Mais la mort n’est pas le seul événement qui puisse troubler une communauté. Il y a, pour les hommes, bien d’autres occasions de s’attrister ou de s’angoisser, et, par conséquent, on peut prévoir que même les Australiens connaissent et pratiquent d’autres rites piaculaires que le deuil. Il est, cependant, remarquable qu’on n’en trouve, dans les récits des observateurs, qu’un petit nombre d’exemples.

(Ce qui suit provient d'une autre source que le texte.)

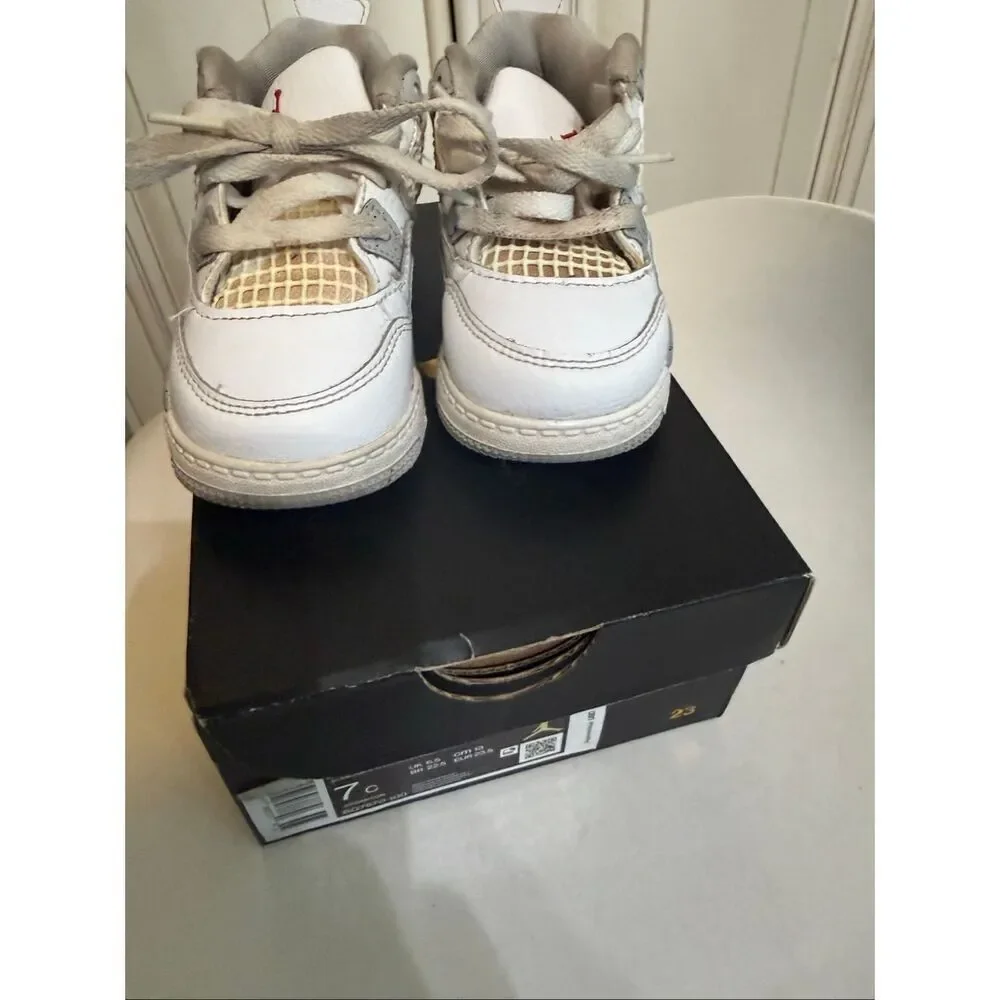 Air Jordan Toddler 4 Retro Leather Lace Up Sneaker Shoes White Oreo Size 7C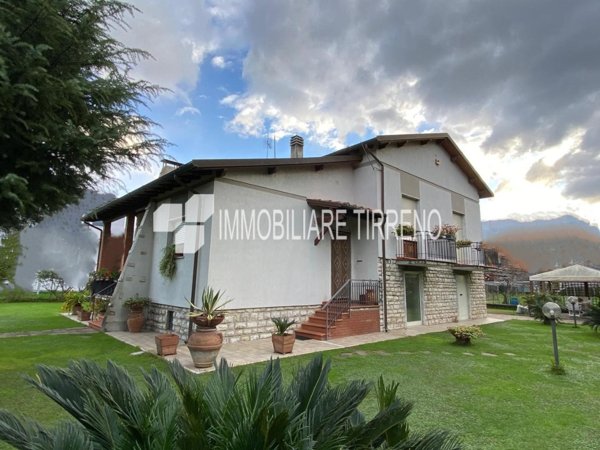 casa indipendente in vendita a Massa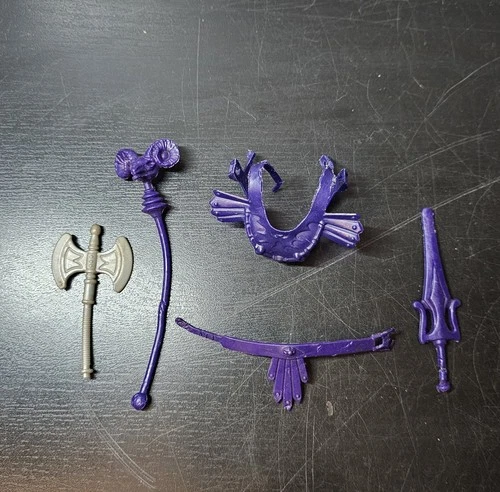 Vintage  MOTU PARTS WEAPONS LOT 81 & 83 Skeletor & HE-MAN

Un premier rite de ce genre ressemble de très près à ceux qui viennent d’être étudiés. On se rappelle comment, chez les Arunta, chaque groupe local attribue des vertus exceptionnellement importantes à sa collection de churinga : c’est un palladium collectif au sort duquel le sort même de la collectivité passe pour être lié. Aussi, quand des ennemis ou des blancs réussissent à dérober un de ces trésors religieux, cette perte est-elle considérée comme une calamité publique. Or ce malheur est l’occasion d’un rite qui a tous les caractères d’un deuil : on s’enduit le corps de terre de pipe blanche et on reste au camp pendant deux semaines à pleurer et à se lamenter
Une autre circonstance qui donne lieu à des cérémonies de même nature est l’état de détresse ou se trouve la société à la suite de récoltes insuffisantes. « Les indigènes qui habitent les environs du lac Eyre, dit Eylmann, cherchent également à conjurer l’insuffisance des ressources alimentaires au moyen de cérémonies secrètes. Mais plusieurs des pratiques rituelles qu’on observe dans cette région se distinguent de celles dont il a été précédemment question : ce n’est pas par des danses symboliques, par des mouvements mimétiques ni par des décorations éblouissantes que l’on cherche à agir sur les puissances religieuses ou sur les forces de la nature, mais au moyen de souffrances que les individus s’infligent à eux-mêmes. Dans les territoires du nord, c’est aussi par des tortures, telles que jeûnes prolongés, veilles, danses poursuivies jusqu’à l’épuisement des danseurs, douleurs physiques de toute sorte, que l’on s’efforce d’apaiser les puissances qui sont mal disposées pour les hommes »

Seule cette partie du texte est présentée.